Exercise details ::
Take nothing but the lines from the one with "Tự phục vụ Sản" through the one with "Parque de Santa" in the entries below, both ends kept, and return them exactly with pictures left out.

Task input ::
============

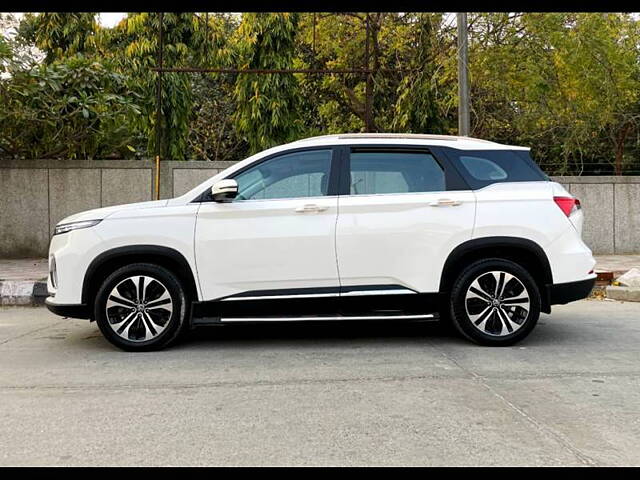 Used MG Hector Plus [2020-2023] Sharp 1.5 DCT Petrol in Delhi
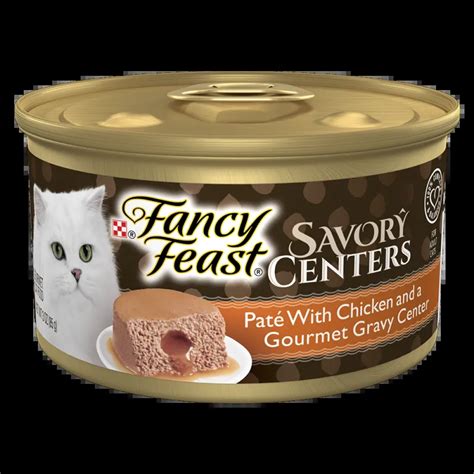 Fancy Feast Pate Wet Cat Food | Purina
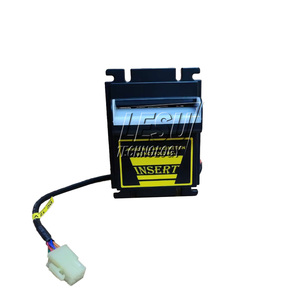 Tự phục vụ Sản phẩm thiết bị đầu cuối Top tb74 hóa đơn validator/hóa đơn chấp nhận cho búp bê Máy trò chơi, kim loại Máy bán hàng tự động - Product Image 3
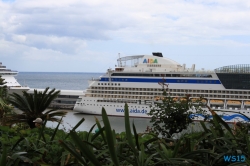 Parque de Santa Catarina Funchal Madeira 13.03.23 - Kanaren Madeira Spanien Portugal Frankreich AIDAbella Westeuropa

============

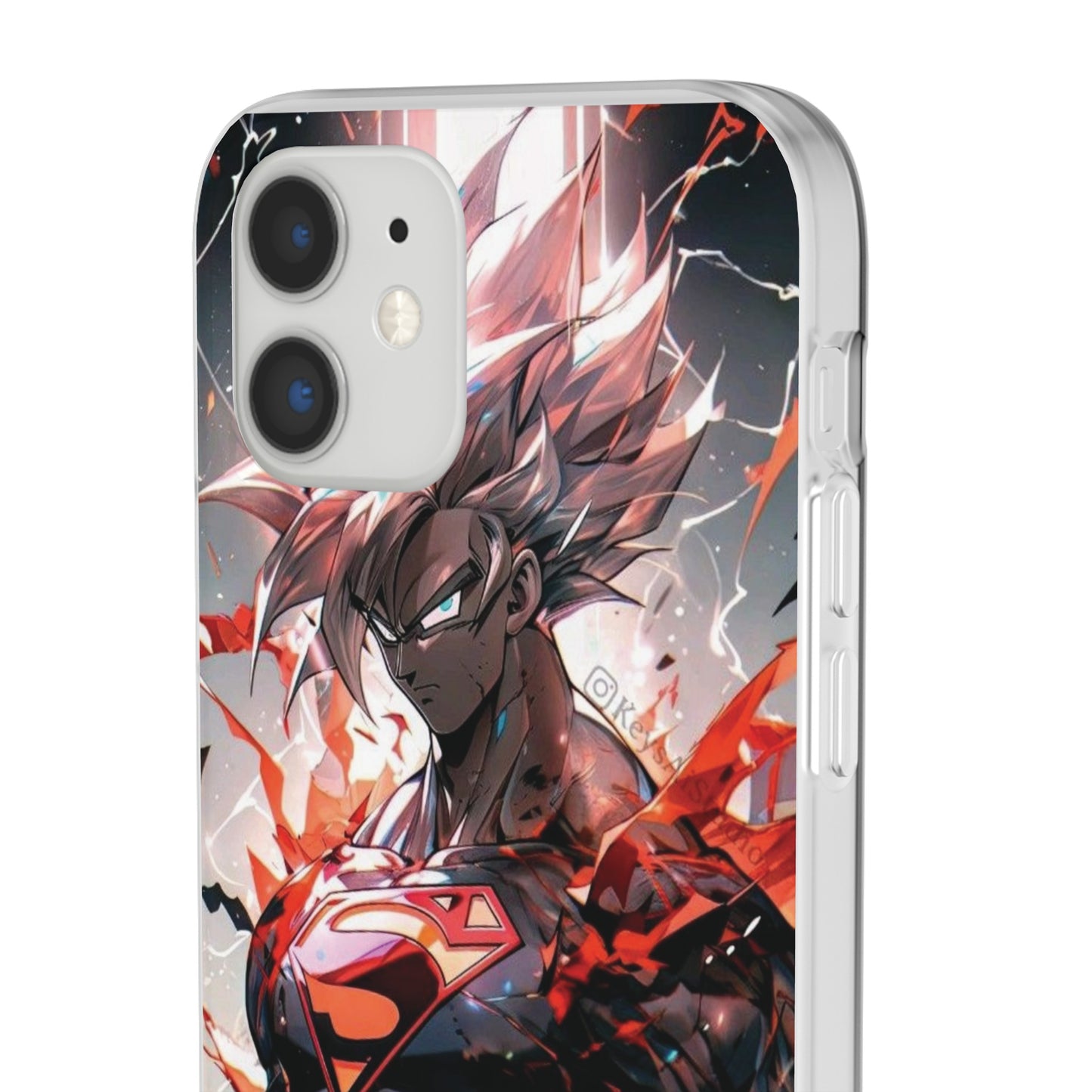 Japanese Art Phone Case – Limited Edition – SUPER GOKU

============

Solution to the exercise ::
 Tự phục vụ Sản phẩm thiết bị đầu cuối Top tb74 hóa đơn validator/hóa đơn chấp nhận cho búp bê Máy trò chơi, kim loại Máy bán hàng tự động - Product Image 3
 Parque de Santa Catarina Funchal Madeira 13.03.23 - Kanaren Madeira Spanien Portugal Frankreich AIDAbella Westeuropa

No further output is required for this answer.